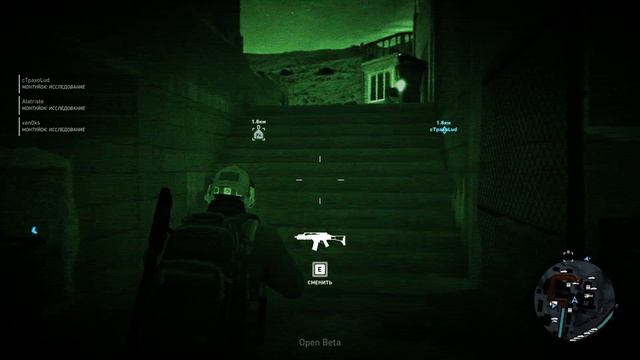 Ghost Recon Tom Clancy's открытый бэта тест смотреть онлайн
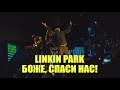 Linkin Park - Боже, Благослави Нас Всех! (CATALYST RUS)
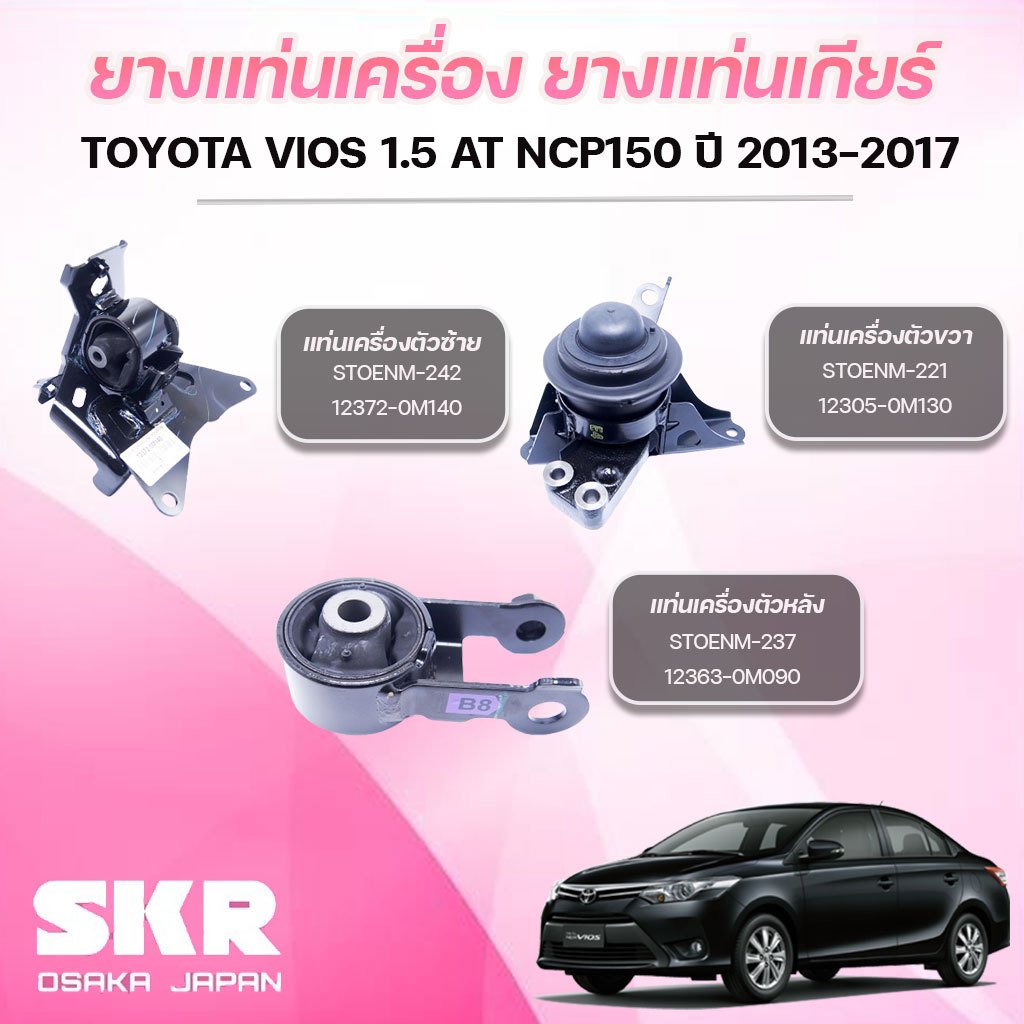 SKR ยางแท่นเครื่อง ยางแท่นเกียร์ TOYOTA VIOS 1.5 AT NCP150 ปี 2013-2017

***

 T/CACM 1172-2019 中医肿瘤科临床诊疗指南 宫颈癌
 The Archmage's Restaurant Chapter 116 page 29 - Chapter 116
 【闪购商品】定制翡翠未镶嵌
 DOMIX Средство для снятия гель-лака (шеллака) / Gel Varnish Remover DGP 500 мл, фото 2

***

ASSIGNMENT> Could you repeat, exactly, only the lines above starting at the one that has "Ghost Recon Tom" and stopping after the one that has "SKR ยางแท่นเครื่อง ยางแท่นเกียร์", without the pictures?

TASK RESPONSE>
 Ghost Recon Tom Clancy's открытый бэта тест смотреть онлайн
 Linkin Park - Боже, Благослави Нас Всех! (CATALYST RUS)
 SKR ยางแท่นเครื่อง ยางแท่นเกียร์ TOYOTA VIOS 1.5 AT NCP150 ปี 2013-2017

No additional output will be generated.